:: WHAT YOU ARE ASKED TO DO ::
Return, with both end lines included, exactly what the data below holds from the line with "Foto de Venta" through the line with "Levi's Jeans: Jeans", though not the pictures.

:: AVAILABLE DATA ::
-- Opening Marker --
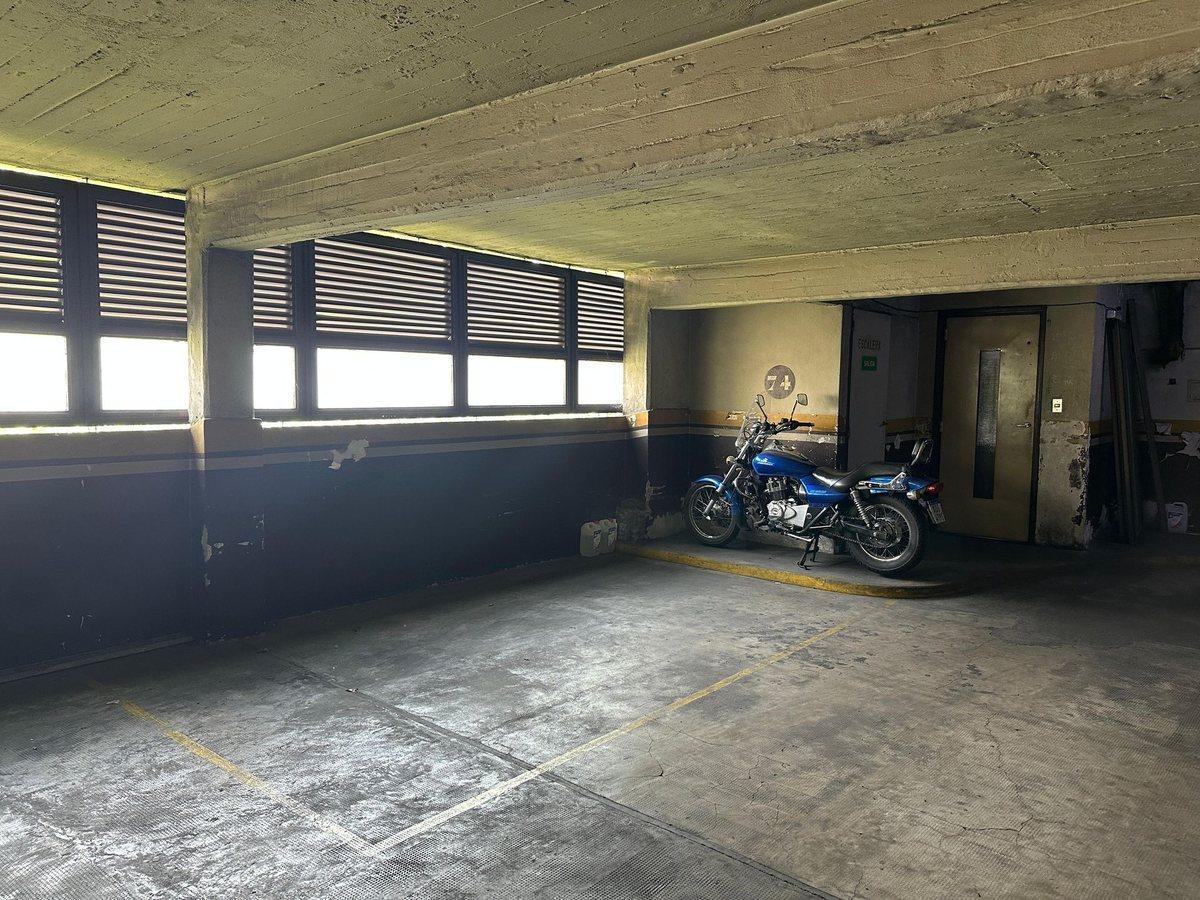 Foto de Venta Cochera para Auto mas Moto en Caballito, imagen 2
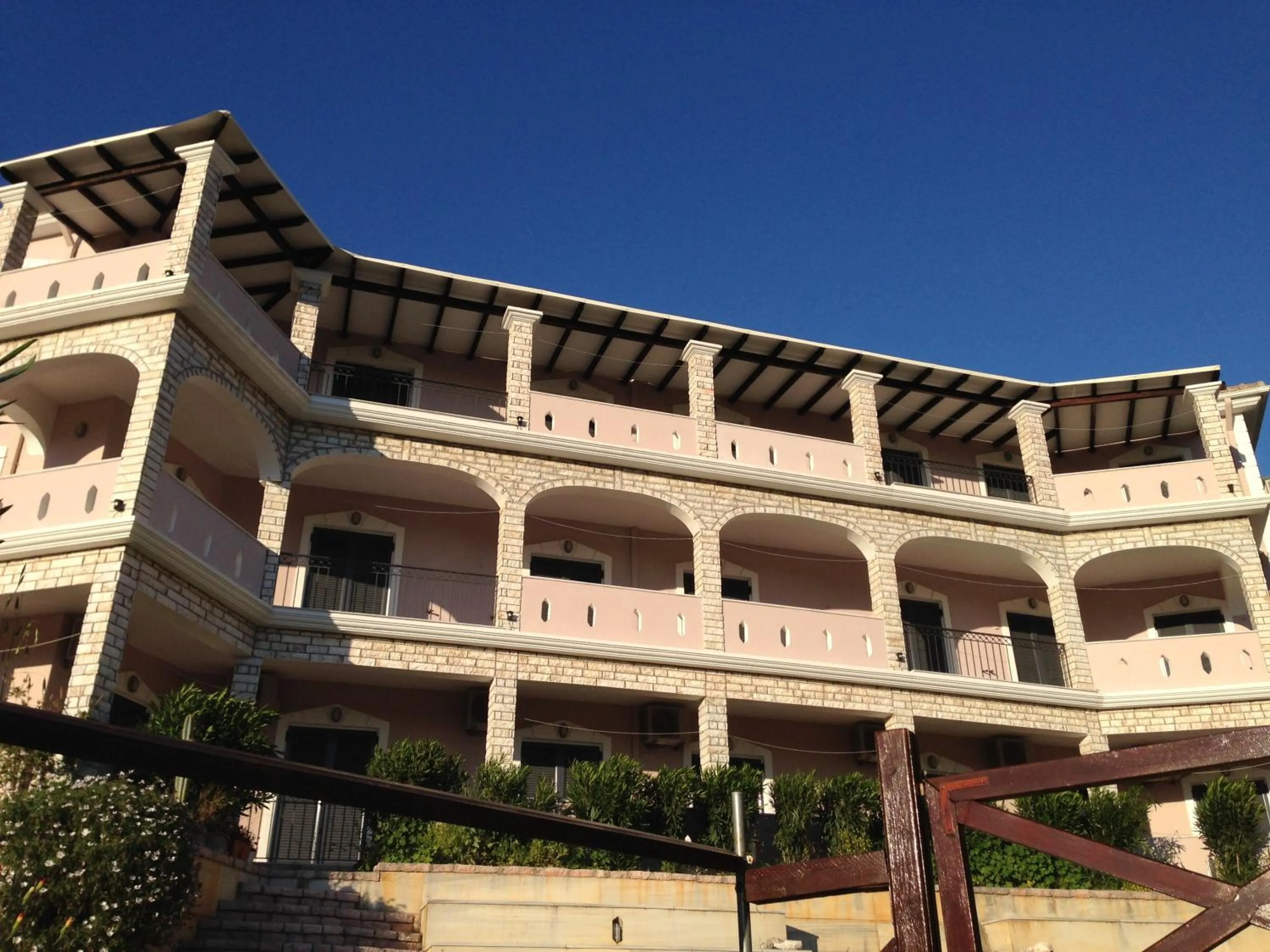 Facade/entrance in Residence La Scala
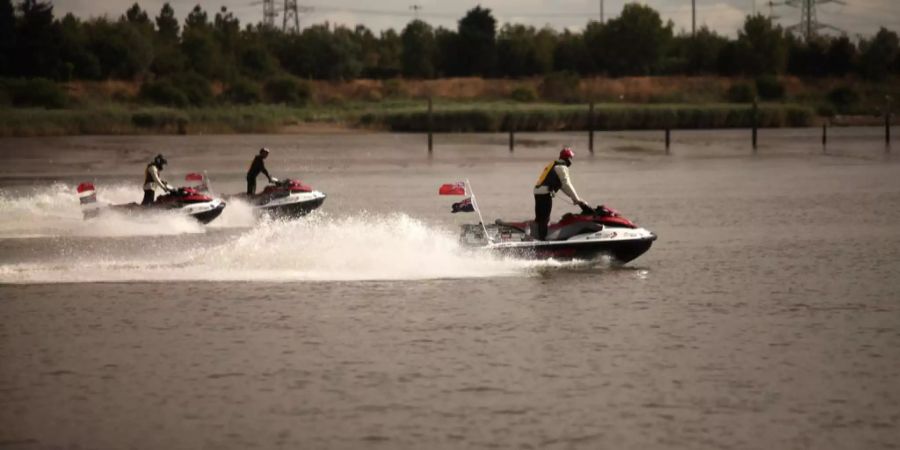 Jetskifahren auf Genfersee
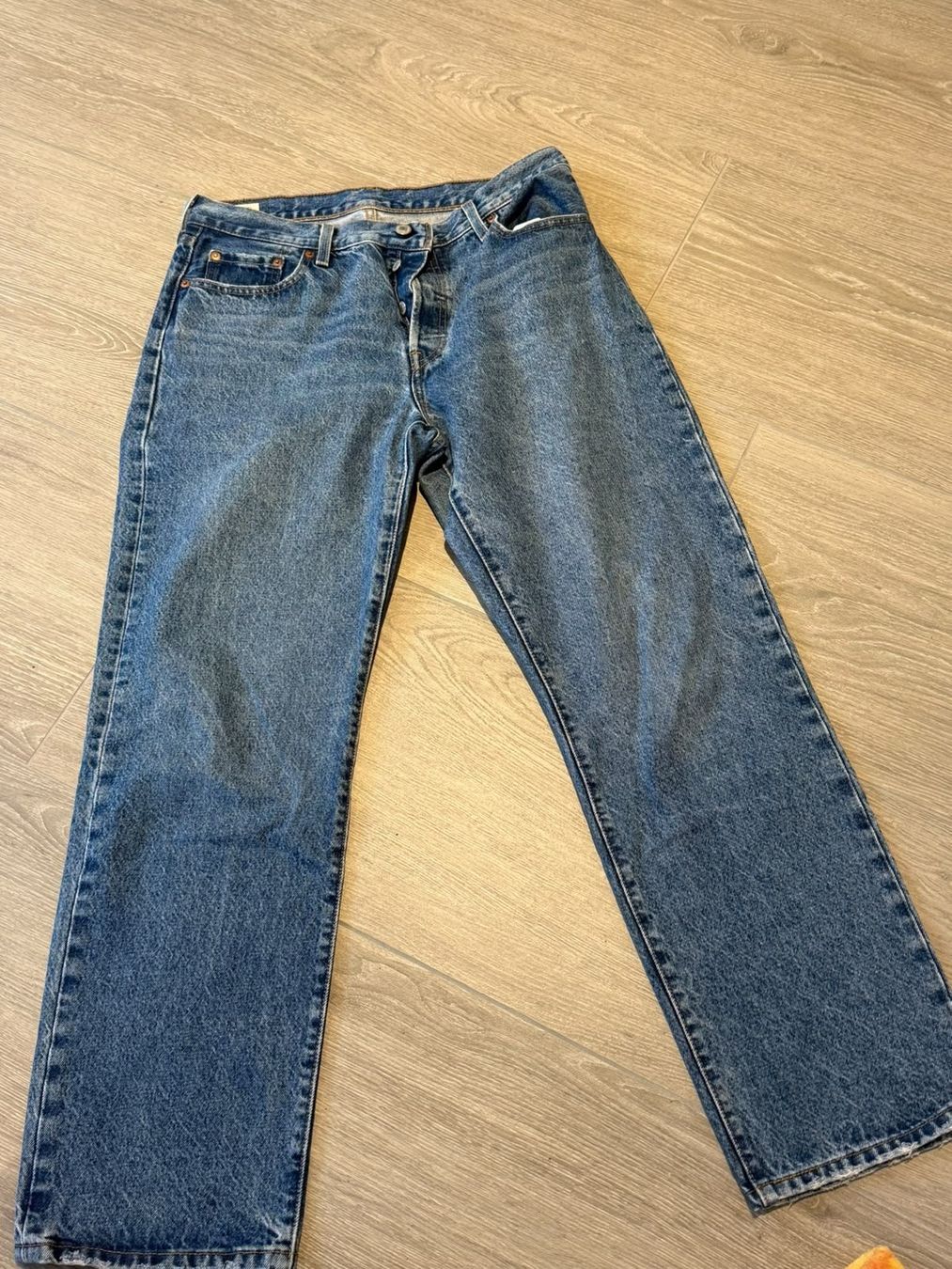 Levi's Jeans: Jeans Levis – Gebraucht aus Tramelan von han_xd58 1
-- Closing Marker --
-- Opening Marker --
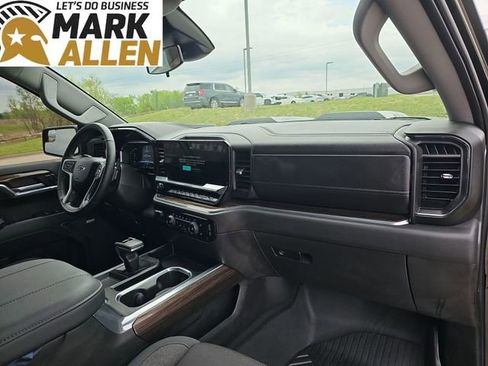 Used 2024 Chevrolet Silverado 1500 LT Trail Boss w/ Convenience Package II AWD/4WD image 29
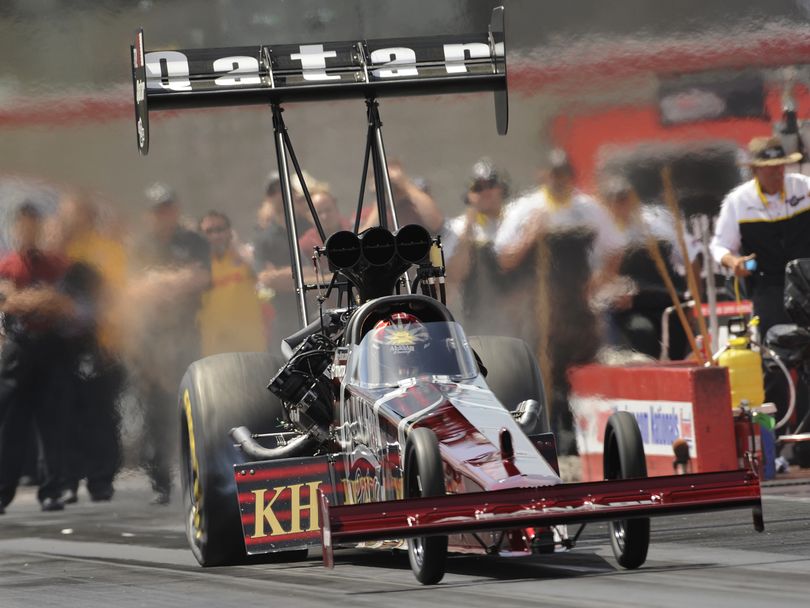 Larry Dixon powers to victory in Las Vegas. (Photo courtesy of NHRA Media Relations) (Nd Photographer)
-- Closing Marker --
-- Opening Marker --
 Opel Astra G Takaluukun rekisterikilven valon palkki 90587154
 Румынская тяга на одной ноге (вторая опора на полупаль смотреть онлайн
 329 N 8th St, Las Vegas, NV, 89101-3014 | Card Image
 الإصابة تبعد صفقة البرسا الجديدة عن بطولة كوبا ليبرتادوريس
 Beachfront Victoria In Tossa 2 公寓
-- Closing Marker --
:: YOUR SOLUTION ::
 Foto de Venta Cochera para Auto mas Moto en Caballito, imagen 2
 Facade/entrance in Residence La Scala
 Jetskifahren auf Genfersee
 Levi's Jeans: Jeans Levis – Gebraucht aus Tramelan von han_xd58 1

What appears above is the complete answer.